[Material for this exercise — start]

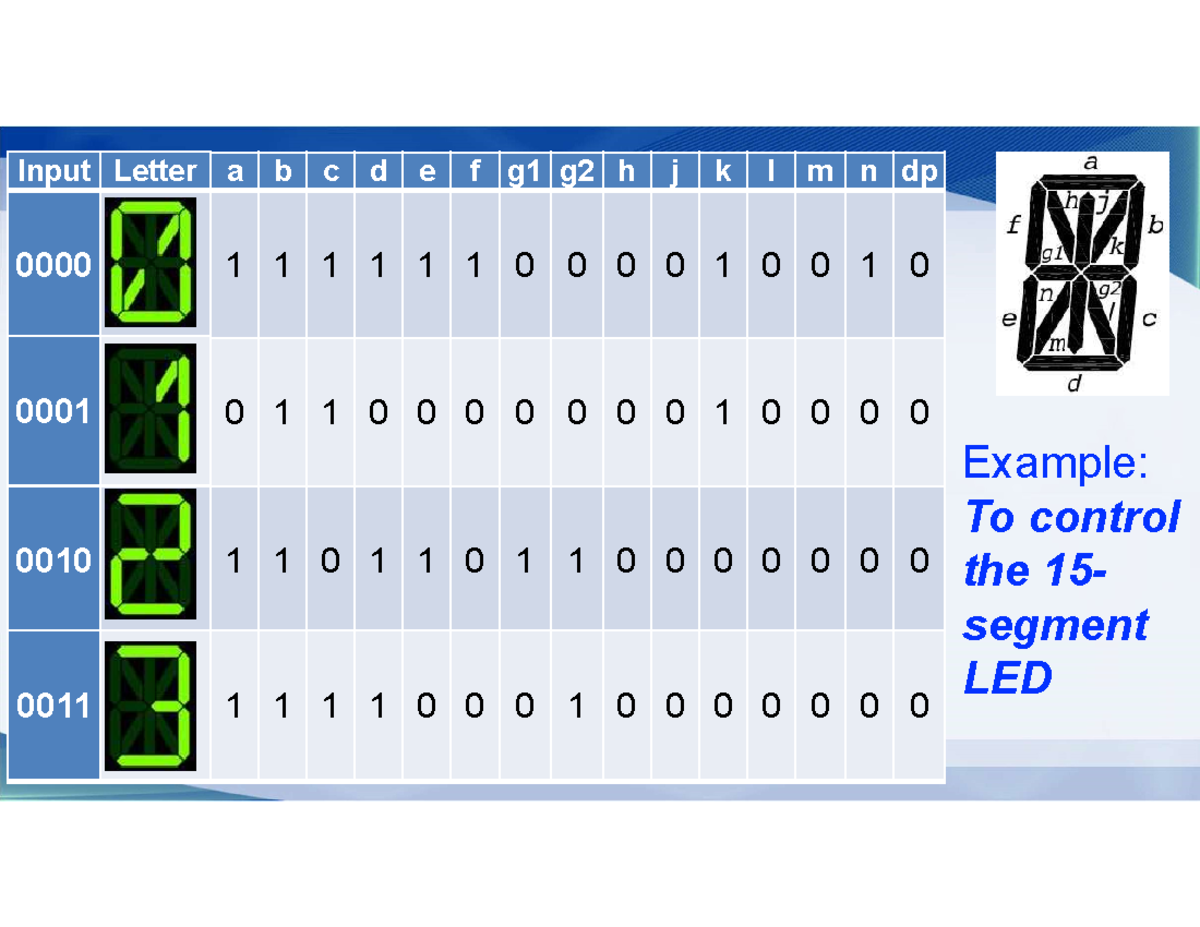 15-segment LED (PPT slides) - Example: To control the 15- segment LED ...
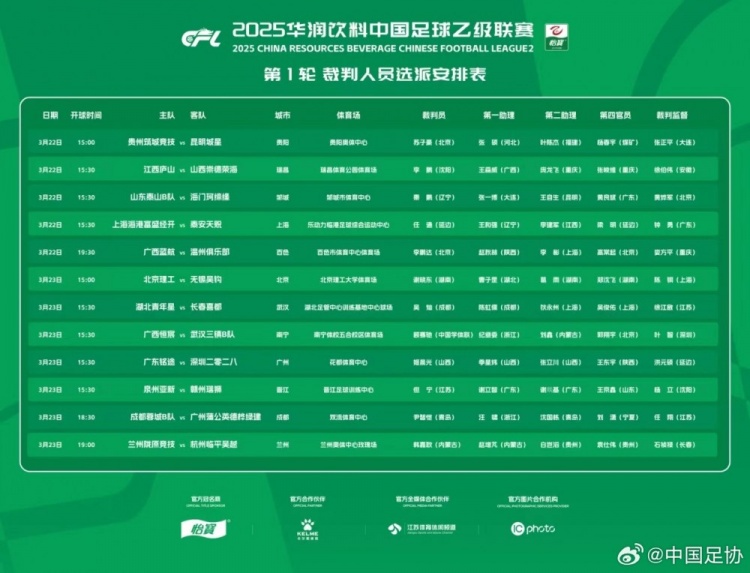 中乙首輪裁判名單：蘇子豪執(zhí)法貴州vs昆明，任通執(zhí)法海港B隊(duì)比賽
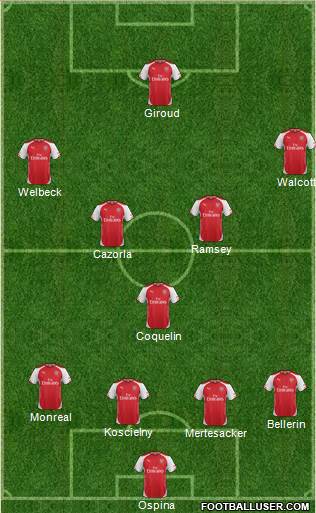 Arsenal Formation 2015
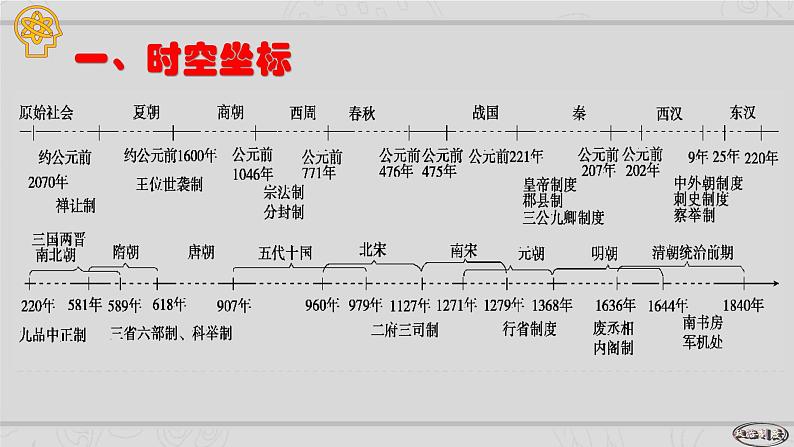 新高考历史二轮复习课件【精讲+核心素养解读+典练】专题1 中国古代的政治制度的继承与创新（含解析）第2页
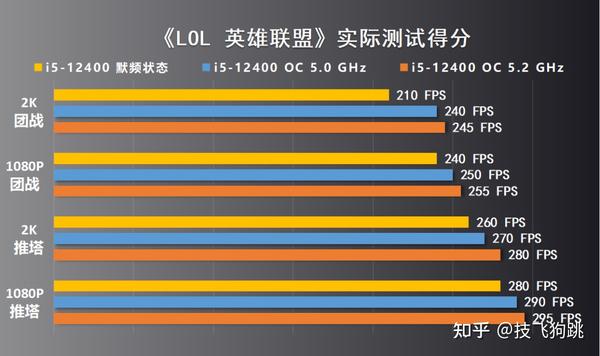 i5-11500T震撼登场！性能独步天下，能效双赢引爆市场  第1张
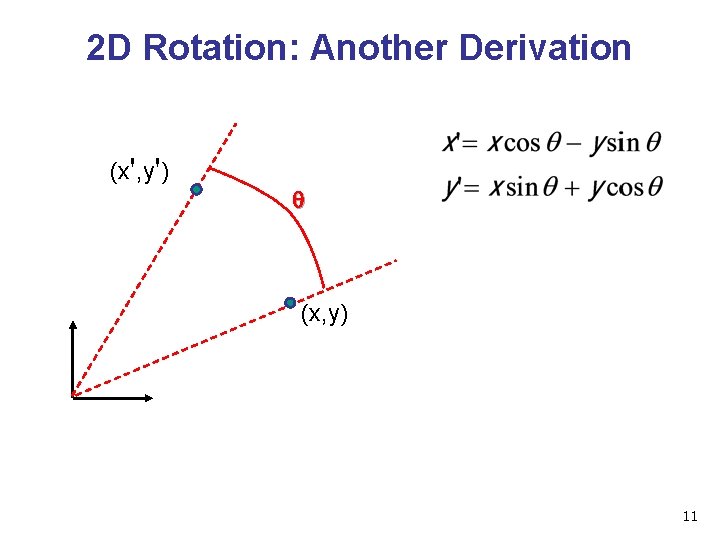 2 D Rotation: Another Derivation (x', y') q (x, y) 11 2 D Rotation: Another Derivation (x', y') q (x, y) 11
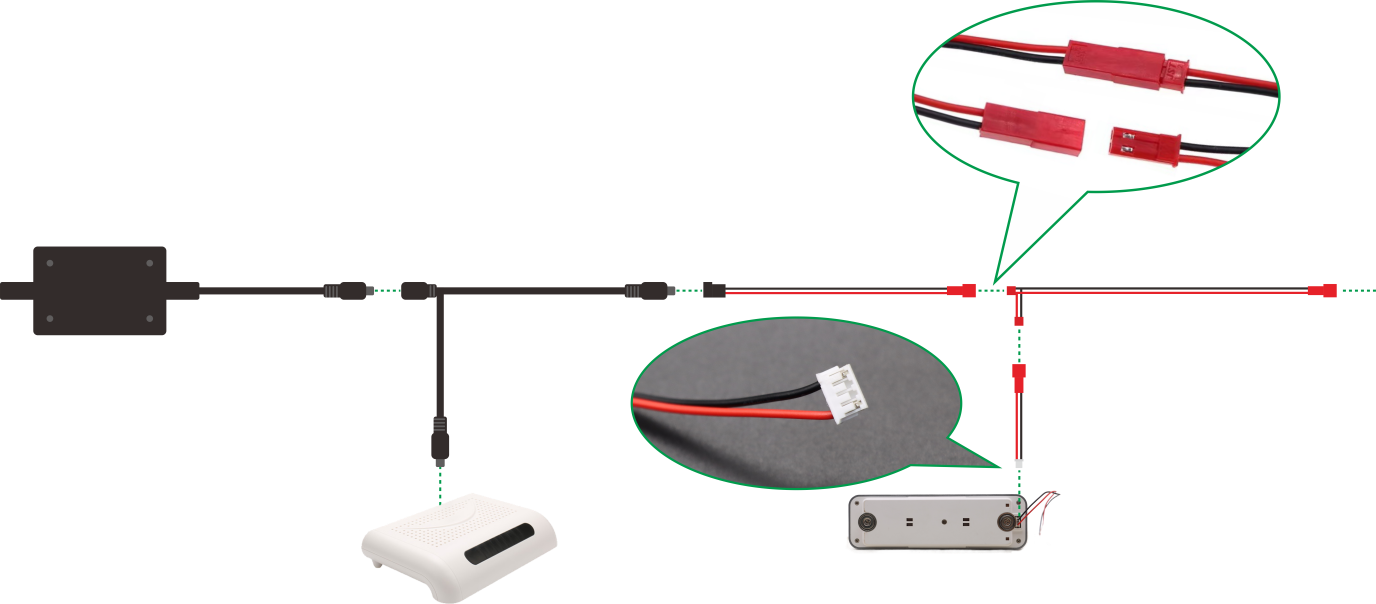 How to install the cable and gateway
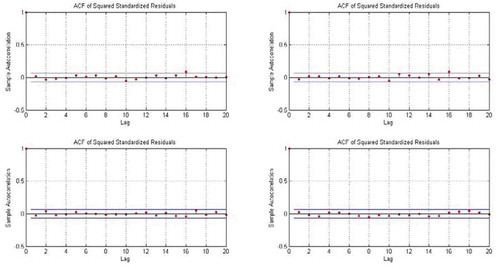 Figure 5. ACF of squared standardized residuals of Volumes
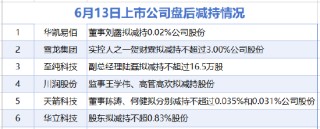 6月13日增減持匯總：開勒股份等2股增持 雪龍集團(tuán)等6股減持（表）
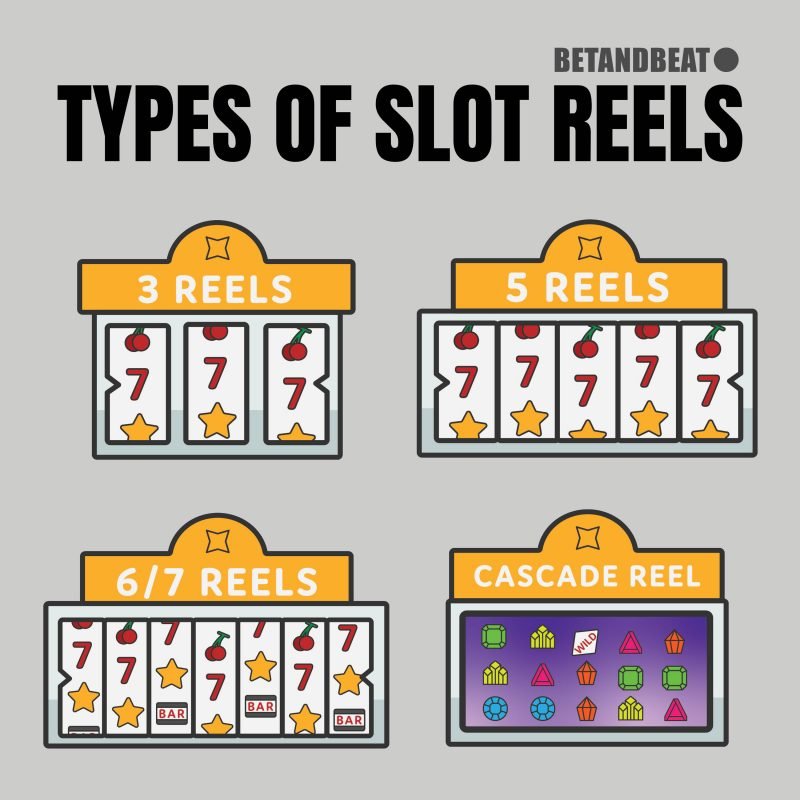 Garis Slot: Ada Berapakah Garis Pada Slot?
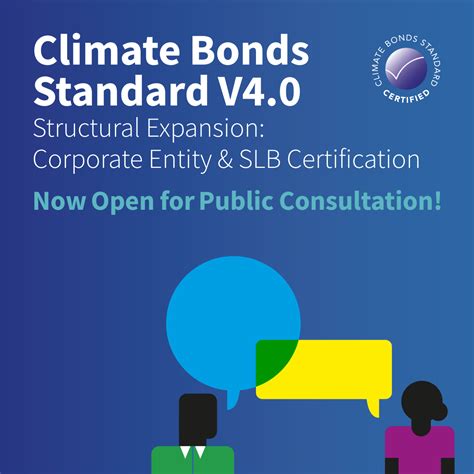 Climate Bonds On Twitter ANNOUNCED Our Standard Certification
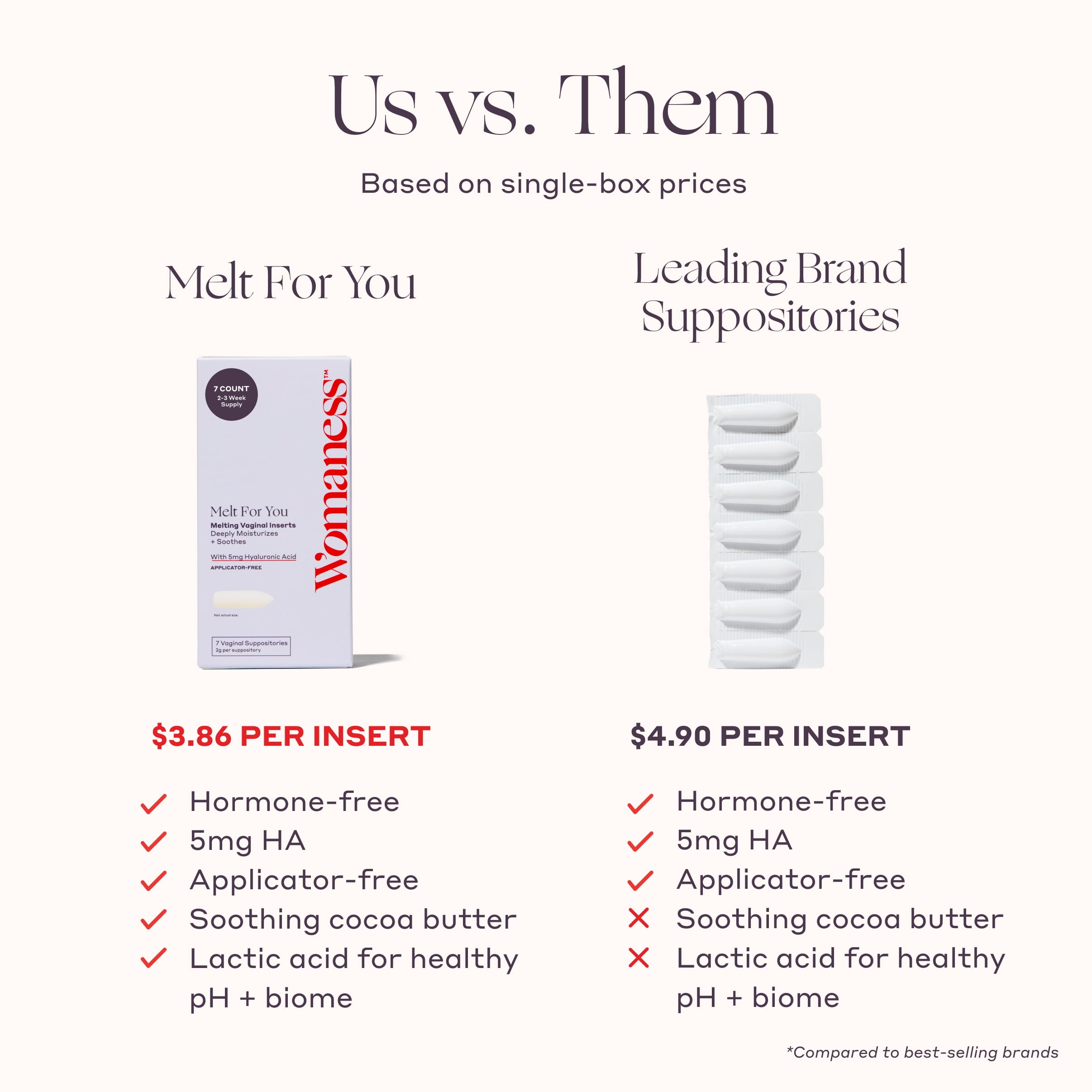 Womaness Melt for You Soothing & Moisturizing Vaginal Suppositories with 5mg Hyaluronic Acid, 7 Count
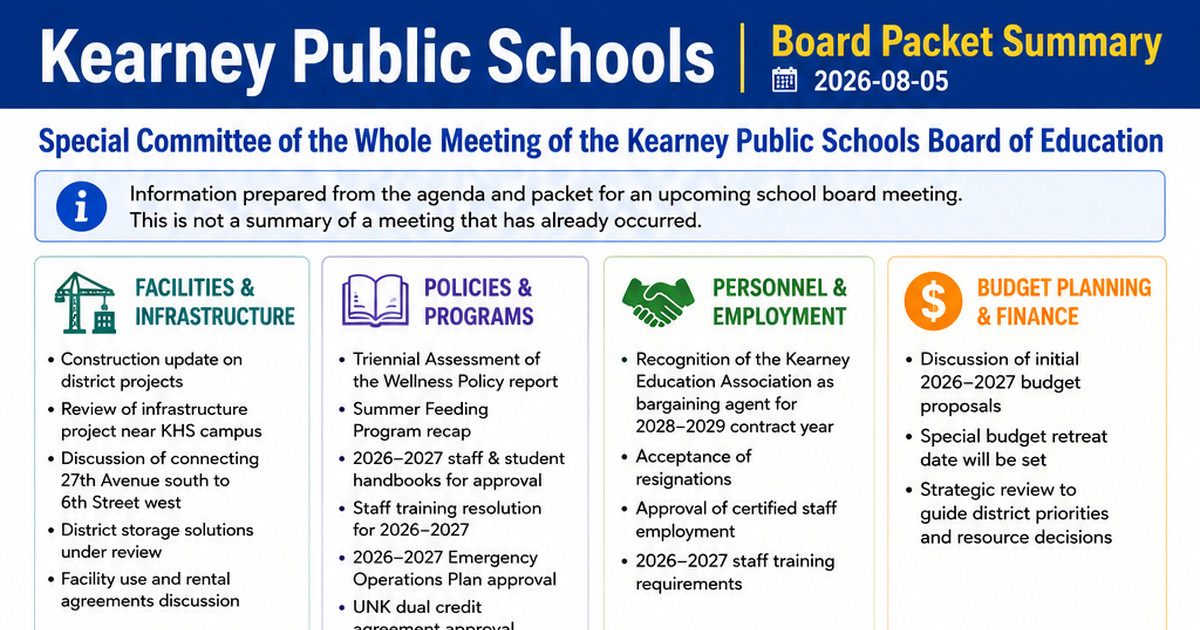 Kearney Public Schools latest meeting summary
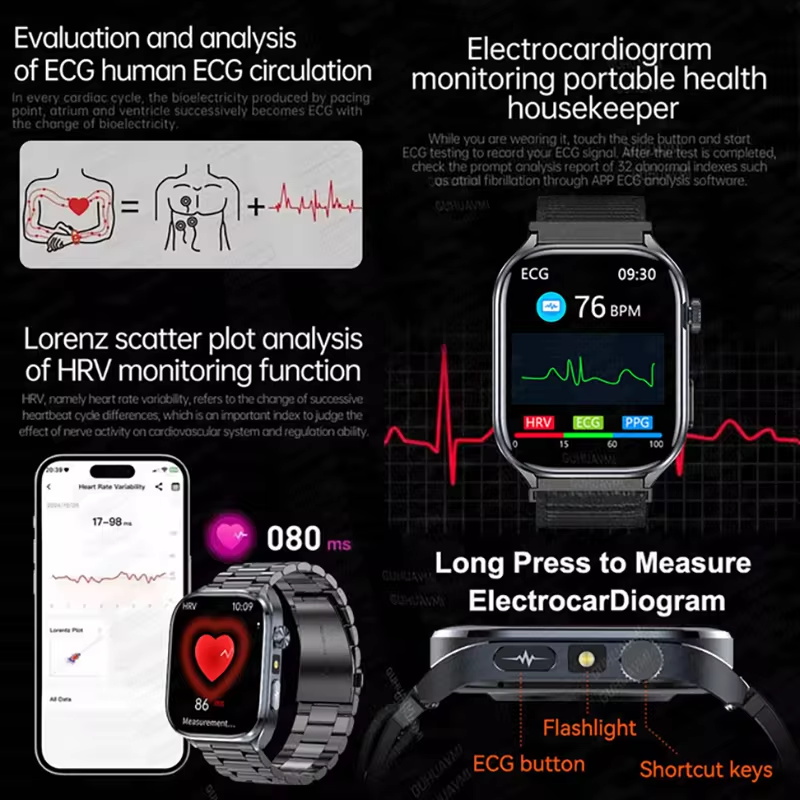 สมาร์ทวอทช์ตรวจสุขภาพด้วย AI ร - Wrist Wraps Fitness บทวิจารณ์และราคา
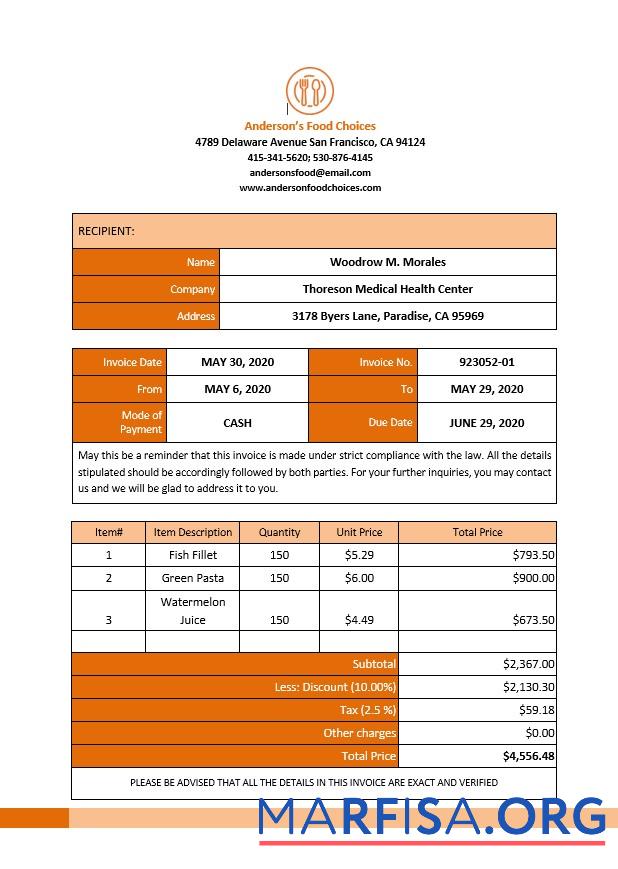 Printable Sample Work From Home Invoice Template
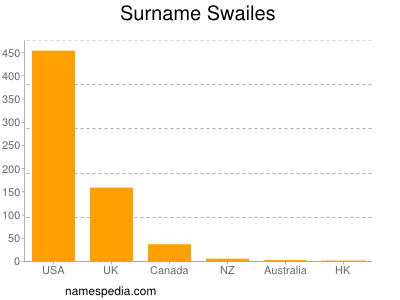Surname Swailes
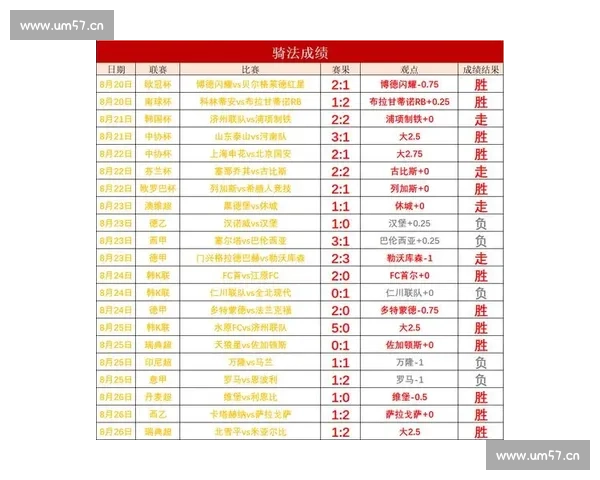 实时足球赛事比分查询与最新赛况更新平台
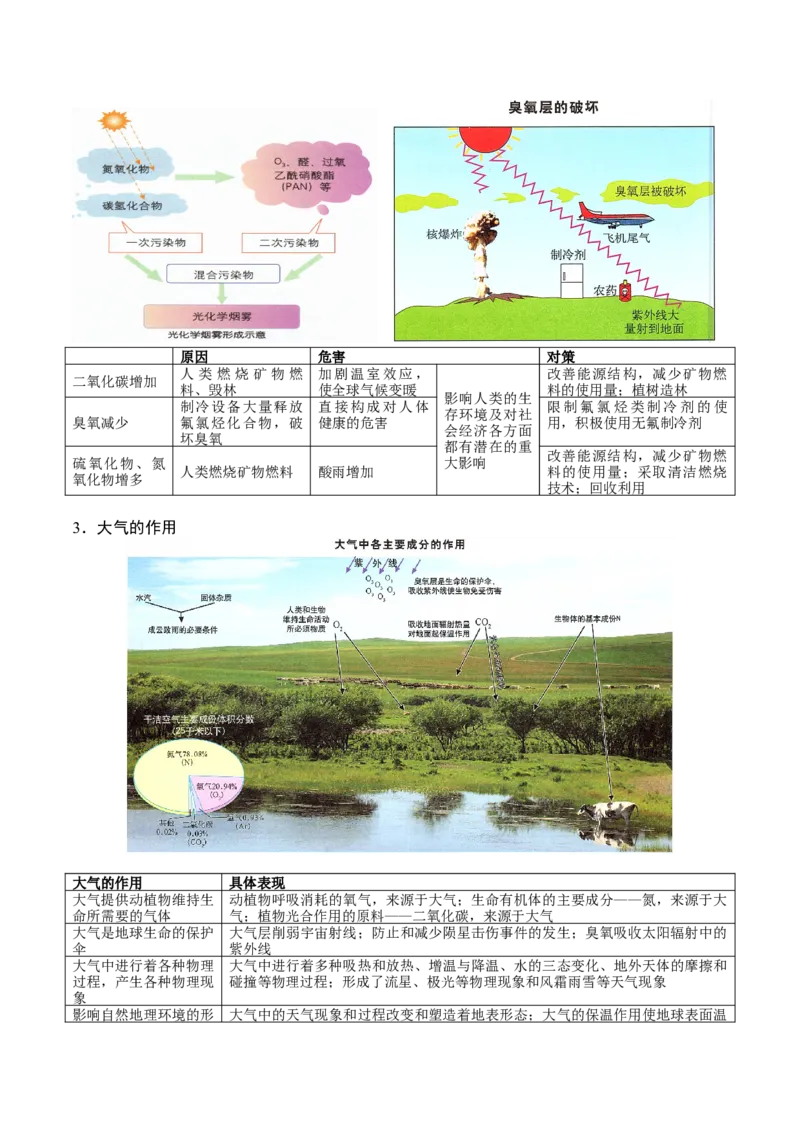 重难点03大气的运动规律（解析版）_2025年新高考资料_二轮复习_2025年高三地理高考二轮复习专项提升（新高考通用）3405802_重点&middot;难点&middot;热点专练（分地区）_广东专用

[Material for this exercise — finish]

Write out every line of the entries above exactly, and omit their pictures.

* _Task answer_:
 15-segment LED (PPT slides) - Example: To control the 15- segment LED ...
 中乙首輪裁判名單：蘇子豪執(zhí)法貴州vs昆明，任通執(zhí)法海港B隊(duì)比賽
 Arsenal Formation 2015
 新高考历史二轮复习课件【精讲+核心素养解读+典练】专题1 中国古代的政治制度的继承与创新（含解析）第2页
 i5-11500T震撼登场！性能独步天下，能效双赢引爆市场  第1张
 2 D Rotation: Another Derivation (x', y') q (x, y) 11 2 D Rotation: Another Derivation (x', y') q (x, y) 11
 How to install the cable and gateway
 Figure 5. ACF of squared standardized residuals of Volumes
 6月13日增減持匯總：開勒股份等2股增持 雪龍集團(tuán)等6股減持（表）
 Garis Slot: Ada Berapakah Garis Pada Slot?
 Climate Bonds On Twitter ANNOUNCED Our Standard Certification
 Womaness Melt for You Soothing & Moisturizing Vaginal Suppositories with 5mg Hyaluronic Acid, 7 Count
 Kearney Public Schools latest meeting summary
 สมาร์ทวอทช์ตรวจสุขภาพด้วย AI ร - Wrist Wraps Fitness บทวิจารณ์และราคา
 Printable Sample Work From Home Invoice Template
Surname Swailes
 实时足球赛事比分查询与最新赛况更新平台
 重难点03大气的运动规律（解析版）_2025年新高考资料_二轮复习_2025年高三地理高考二轮复习专项提升（新高考通用）3405802_重点&middot;难点&middot;热点专练（分地区）_广东专用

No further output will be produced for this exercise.